▸ **Exercise objective**: From the material below, copy exactly the lines beginning with the one that contains "Vân Đồn (Quảng" and ending with the one that contains "dense forest on oahu hawaii"; the pictures stay out.
*** Opening Study material ***
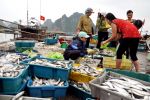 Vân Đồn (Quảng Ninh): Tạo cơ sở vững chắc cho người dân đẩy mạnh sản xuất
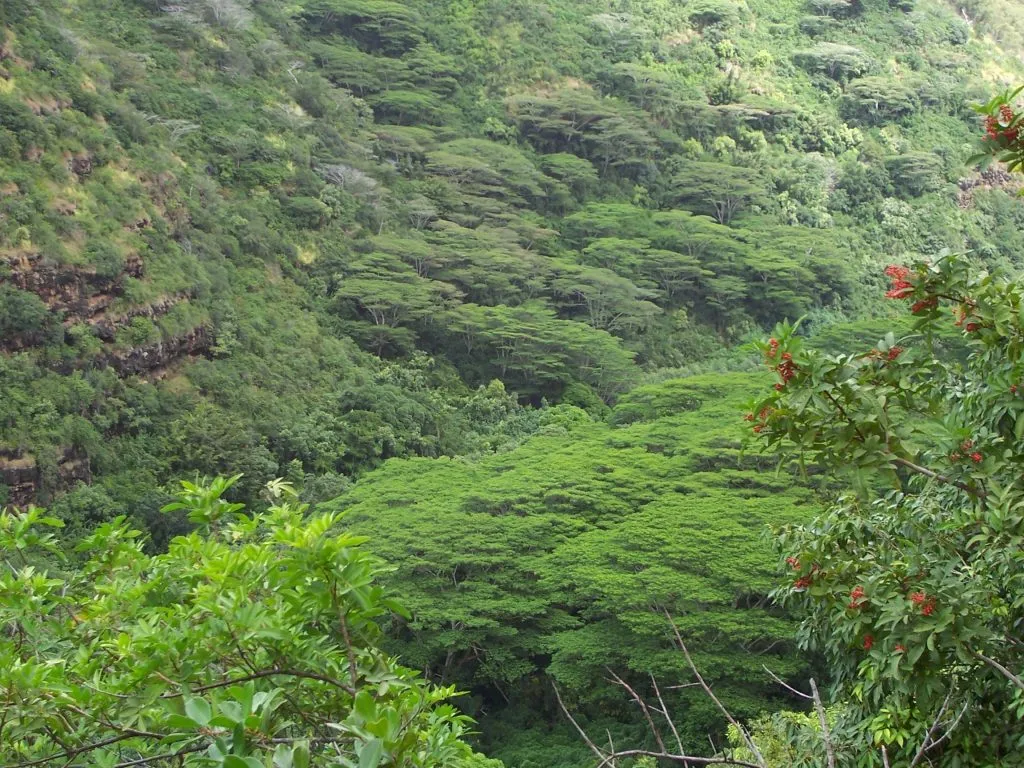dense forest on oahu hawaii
*** Closing Study material ***
*** Opening Study material ***
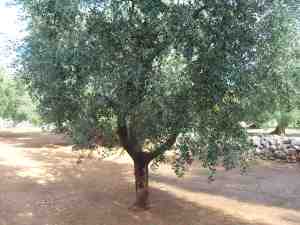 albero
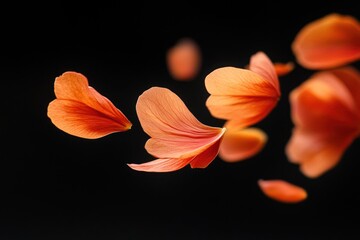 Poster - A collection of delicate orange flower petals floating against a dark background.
*** Closing Study material ***
▸ **Expected output**:
 Vân Đồn (Quảng Ninh): Tạo cơ sở vững chắc cho người dân đẩy mạnh sản xuất
dense forest on oahu hawaii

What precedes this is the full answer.